The problematic contrasting of the two forms of globalization through an emphasis on a post-modern U.S. global identity and a modern English colonial identity is also conducive to theorizing for the triumph of the former and, subsequently, empties the U.S. global identity from its complexity, mostly defined along the interplay between the domestic and the global.
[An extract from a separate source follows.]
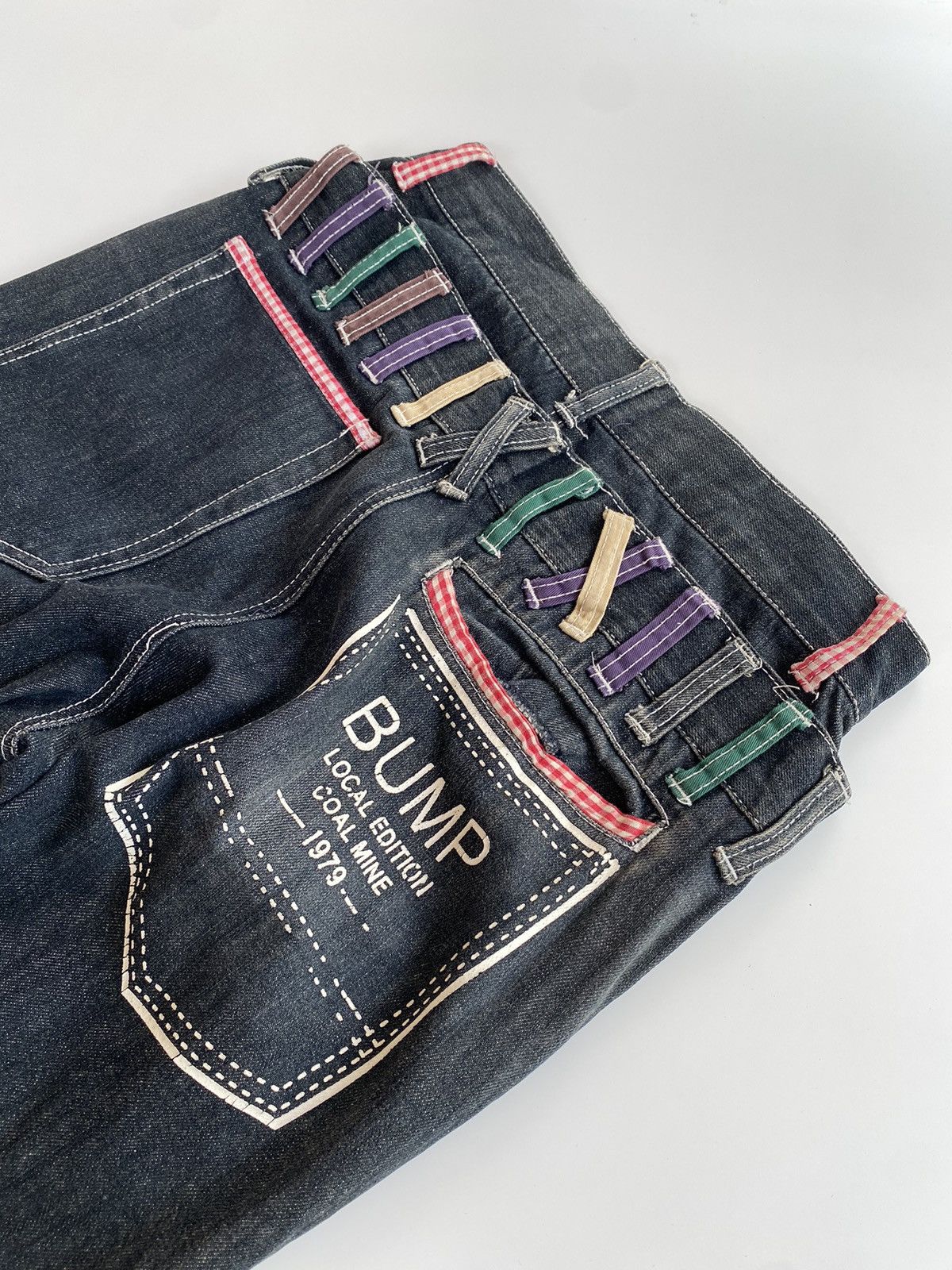 Japanese Brand Vintage Nylaus Denim Double Waist Black Size US 31 - 4 Thumbnail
In this regard, Hall raises a critical question: “Is globalization nothing but the triumph and closure of history by the West?” His suggestion not to “resolve the question too quickly” and his vision that this is not the ultimate triumph but rather another face of the triumph of the West can be regarded, not only as an early response to Francis Fukuyama’s vision charted in his 1989 essay “The End of History” which celebrates the Western Liberal democracy as the end of humanity’s socio-cultural evolution, but also as a critical observation of the dynamics of the post-modern globe that would fluctuate the U.S. global identity between an extension into universalism and a contraction to nationalism, or, as Hall aptly locates it, between the ‘global’ and the ‘local’.
1 The article was first published in 1991.
2 See Precarious Life: The Powers of Morning and Violence. Verso, London, 2004
3 Read Dana Heller’s “Consuming 9/11,” in The Selling of 9/11: How a National Tragedy Became a Commodity, New York: Palgrave Macmillan, 2005: 1-26.